START Data extracts
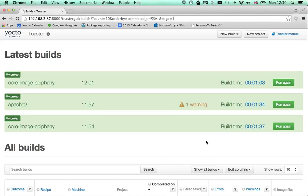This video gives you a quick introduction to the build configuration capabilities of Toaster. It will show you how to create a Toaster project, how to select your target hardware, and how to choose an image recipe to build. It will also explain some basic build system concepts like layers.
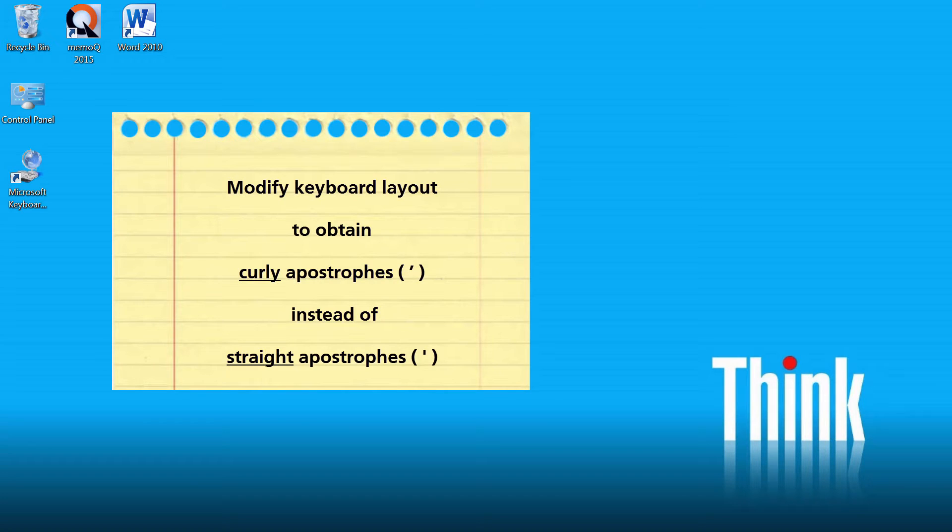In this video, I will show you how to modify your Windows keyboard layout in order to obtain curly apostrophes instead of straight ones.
END Data extracts
START Data extracts
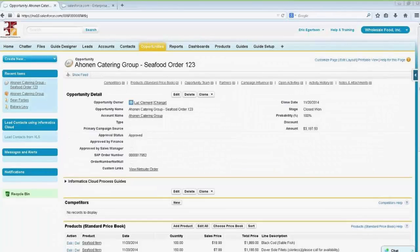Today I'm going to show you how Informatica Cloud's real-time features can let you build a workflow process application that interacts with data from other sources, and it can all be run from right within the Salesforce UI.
END Data extracts
*What this task involves*. From the material above, reproduce only what runs from the line holding "This video gives" down to the line holding "In this video, I", both included, pictures excluded.

*Solved exercise*.
This video gives you a quick introduction to the build configuration capabilities of Toaster. It will show you how to create a Toaster project, how to select your target hardware, and how to choose an image recipe to build. It will also explain some basic build system concepts like layers.
In this video, I will show you how to modify your Windows keyboard layout in order to obtain curly apostrophes instead of straight ones.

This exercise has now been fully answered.